Welcome to our first edition of Zen and the Art of Copywriting, a new series in which Salted Stone’s resident copy specialist examines writing and marketing questions through the lens of Zen practice and philosophy.
To kick things off, we'll discuss the best way to communicate the benefit of your product or service through copywriting by answering an age-old question: Which is more appealing to your target customer - the promise of saving time or making money?
“Remember that time is money.”— Benjamin Franklin, Advice to a Young Tradesman
“There are people who say that time is money. But time is much more than money. Time is life.” — Thich Nhat Hanh, The Art of Power
If you’ve ever written marketing emails, ads, or website copy, you’ve run into a problem that’s familiar to copywriters everywhere: having a lot to say, and not enough space to say it.
Take a Google Display Ad, for example. You’ve got just enough room for a simple value pitch and a call to action. So which of your company’s many benefits do you choose to promote?
For many B2B organizations, the benefits of a product or service can be distilled into two basic substances: “Our thing saves you time” or “Our thing makes you money.”
So if you had to pick between these two angles, which would be the best option?
Benjamin Franklin might say that these are two names for the same animal. After all, with more time, you can make more money. However, from the perspective of Zen, such a statement would seem absurd.

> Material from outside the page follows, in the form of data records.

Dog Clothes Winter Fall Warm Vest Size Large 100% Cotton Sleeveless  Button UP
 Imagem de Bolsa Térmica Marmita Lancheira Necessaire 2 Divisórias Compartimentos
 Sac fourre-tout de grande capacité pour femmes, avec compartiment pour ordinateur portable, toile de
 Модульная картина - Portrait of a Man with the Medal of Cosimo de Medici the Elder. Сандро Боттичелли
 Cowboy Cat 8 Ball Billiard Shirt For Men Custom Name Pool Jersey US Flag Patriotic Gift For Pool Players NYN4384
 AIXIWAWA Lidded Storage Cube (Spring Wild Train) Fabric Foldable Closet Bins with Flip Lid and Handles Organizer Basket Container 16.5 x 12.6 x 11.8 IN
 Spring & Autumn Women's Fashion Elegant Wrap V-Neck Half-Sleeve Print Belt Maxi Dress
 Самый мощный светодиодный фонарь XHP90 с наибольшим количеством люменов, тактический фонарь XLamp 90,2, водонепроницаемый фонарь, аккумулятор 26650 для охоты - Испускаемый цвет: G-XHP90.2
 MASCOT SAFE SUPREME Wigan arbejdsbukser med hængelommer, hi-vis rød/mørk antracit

Luckily, this doesn’t have to be a philosophical question. Science can guide us toward an answer!
Time, Money, and Happiness
Let’s do an experiment. Assuming you were the kind of person who clicks on ads, which of these ads would you click on?
If you’re like most people, you clicked A.

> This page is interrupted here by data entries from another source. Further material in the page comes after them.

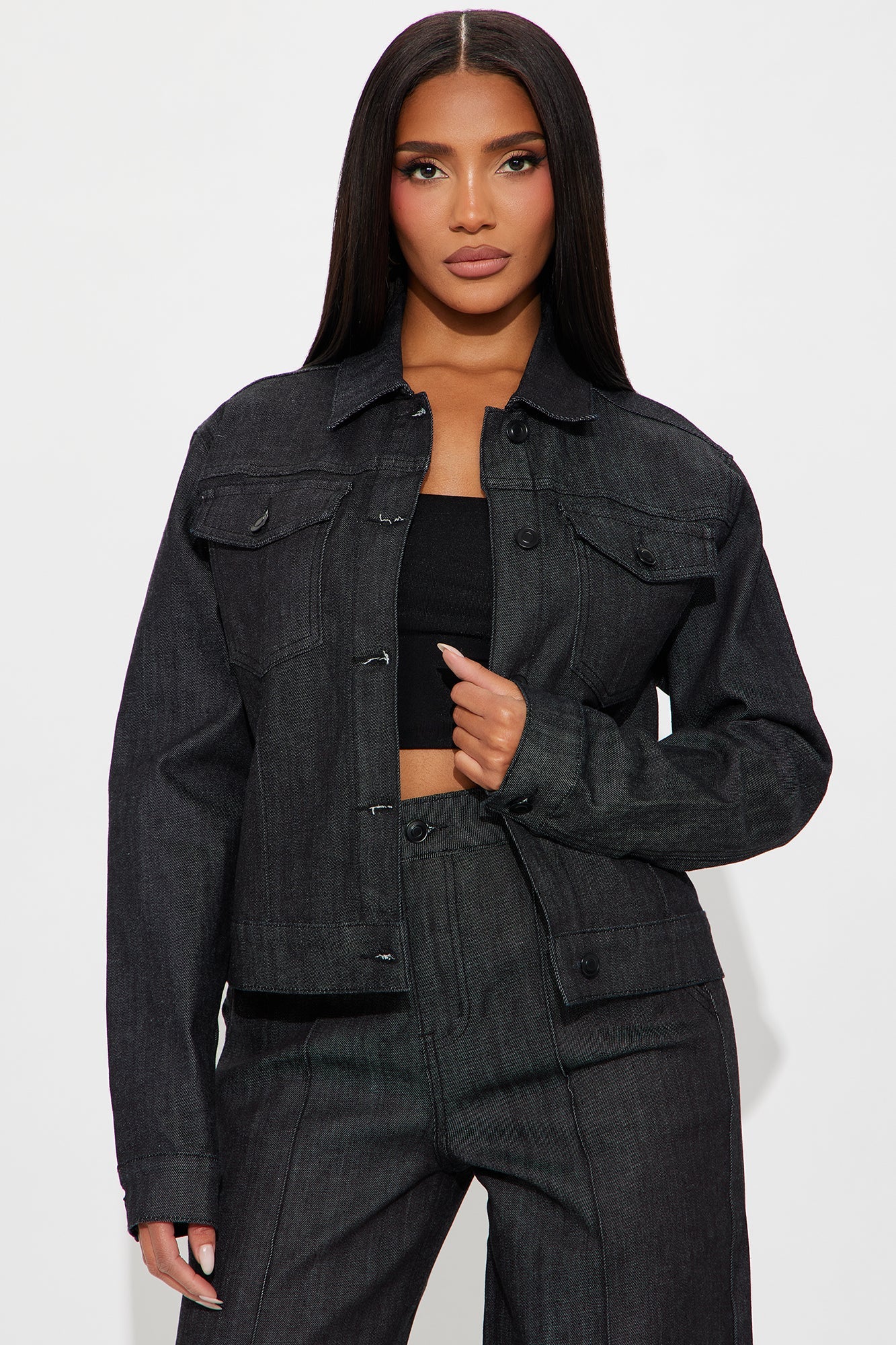 FYI Stretch Tailored Trucker Jacket - Black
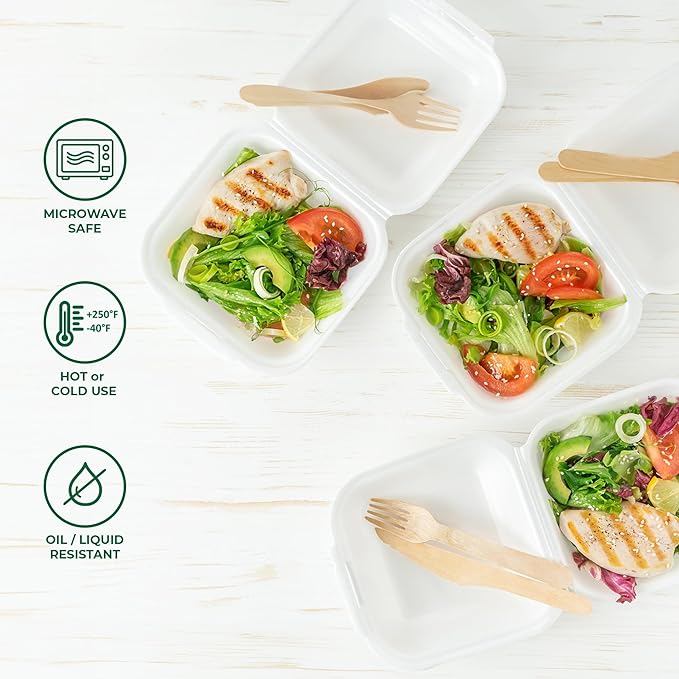 Freshware Clamshell Food Containers with Lids [6x6" 100-Pack] Disposable To Go Containers, Biodegradable Sugarcane To Go Boxes - Paper Container - Microwave & Freezer Safe, Stackable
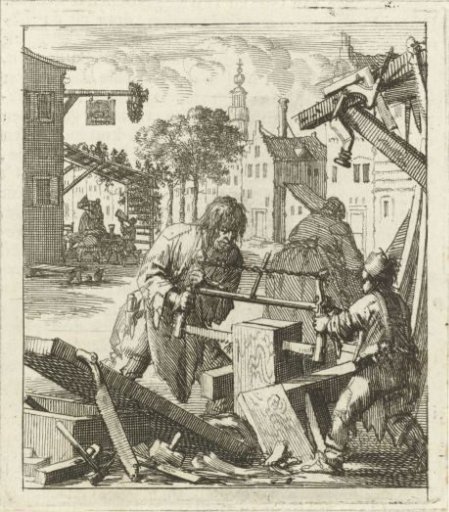 Man Sawing Wood with a Boy in a Carpentry Workshop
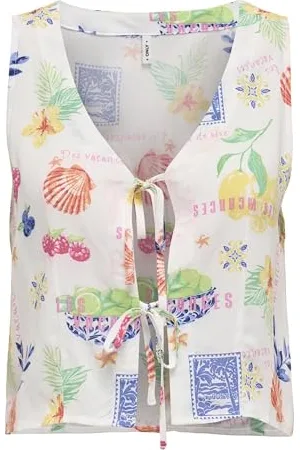 ONLY Onlnova Life Vis S/L Tie Vest AOP, , L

That’s according to researchers at UCLA, who surveyed over 4,000 people to determine which they valued more: time or money. 64% of respondents chose time. But if you chose money, don’t worry, there’s nothing wrong with you, you’re just a miserable, miserly misanthrope.

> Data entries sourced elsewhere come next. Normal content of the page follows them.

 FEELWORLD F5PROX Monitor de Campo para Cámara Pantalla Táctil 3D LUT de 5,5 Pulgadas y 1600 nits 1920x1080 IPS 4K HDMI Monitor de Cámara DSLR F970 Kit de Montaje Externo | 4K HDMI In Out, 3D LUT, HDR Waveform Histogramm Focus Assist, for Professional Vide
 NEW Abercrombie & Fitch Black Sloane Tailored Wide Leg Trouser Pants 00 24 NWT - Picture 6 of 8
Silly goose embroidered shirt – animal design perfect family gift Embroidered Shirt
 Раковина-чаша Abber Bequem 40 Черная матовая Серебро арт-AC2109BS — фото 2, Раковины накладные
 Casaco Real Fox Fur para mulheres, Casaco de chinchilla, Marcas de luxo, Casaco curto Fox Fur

... Okay, that’s probably not true. But the researchers did ask the survey respondents to answer questions about their levels of happiness and satisfaction with life, and found that people who prefer time to money are happier and more content on average.
“Well,” you might say, “people with less money are more likely to be stressed about money, and therefore less likely to be happy.”
Nope. Even when the researchers adjusted for income and hours worked per week, they still found that people who chose time were happier.
But, surveys are one thing, experiments are another. Do researchers discover similar effects when they take this question into the cold, hard world of business?
Laptops and Lemonade
In 2009, researchers at Stanford noticed that about half of all magazine ads contained a reference to time, indicating that copywriters, on some level, had a hunch that people cared deeply about saving or spending time.
To prove this hunch, they unleashed their inner six-year-olds and set up a lemonade stand.
First, they put up a sign asking passersby to “spend a little money” to enjoy the lemonade. Then, they switched to a sign that asked people to “spend a little time.” They let people choose how much to pay for the lemonade, between $1 and $3.
The “spend a little time” sign hooked twice as many customers, and those customers were willing to pay twice as much.
“Well,” you might say. “That doesn’t prove anything. Spending time is a positive thing, and spending money is negative.”
The Stanford researchers conducted more experiments to determine whether time remained victorious under different circumstances.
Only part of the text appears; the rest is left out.